The top promoted tokens in vocabulary space are noise (random Chinese characters, punctuation). Head 4's contribution is small across most of vocabulary space but correctly directed in the fruit subspace.
Head 9 fruit contributions (corrupted prompt): Mango −0.18, Orange −0.13, Grape −0.26, Peach +0.04. Head 9 suppresses fruit tokens or is indifferent to them. It writes no fruit-directed signal. This confirms it is not a content head — its contribution is structural context, not answer selection.
Note: W_V @ W_O SVD against the token embedding matrix W_E showed fruit tokens at ranks 82–140,000. This is expected — by Layer 12 the residual stream is in a transformed representation space that does not align with raw token embeddings. Direct logit attribution through W_U is the correct analysis for output-side questions.
Mechanistic picture, revised:
Open Questions
What amplifies Head 4's signal? Head 4 writes a correctly-directed but weak fruit contribution (max +0.14). The final logit difference is 9.35. Layers 13 and 14 account for the amplification — identifying what they are doing to Head 4's residual stream write is the next mechanical question.
Is the redundancy general or specific to this task?
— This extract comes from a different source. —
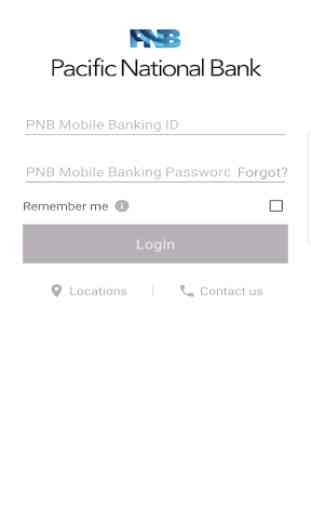 PNB Mobile Banking 2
The clean-run robustness might reflect that set-completion is trivially easy for this model on this prompt, not that set-completion circuits are generally redundant.
Relation to IOI? The multi-head compositional structure — one head tracking structure, another tracking content — looks superficially similar to the name-mover / S-inhibition head division in GPT-2's indirect object identification circuit. I have not done the analysis to compare mechanisms.
Code
Full pipeline (TransformerLens): residual stream patching, component patching, head sweeps, ablation, attention visualization, direct logit attribution. Here is the source code
https://github.com/metarun/Mechanistic-Interpretability-Exploration/blob/main/Activation_Patching_.ipynb
Feedback especially welcome on: whether the ablation interpretation is correct, whether the clean-run redundancy is an interesting finding or an expected baseline result, the Layer 0 MLP anomaly explanation, and whether the structure/content dissociation framing for Heads 4 and 9 is mechanistically justified or over-interpreted from attention weights alone.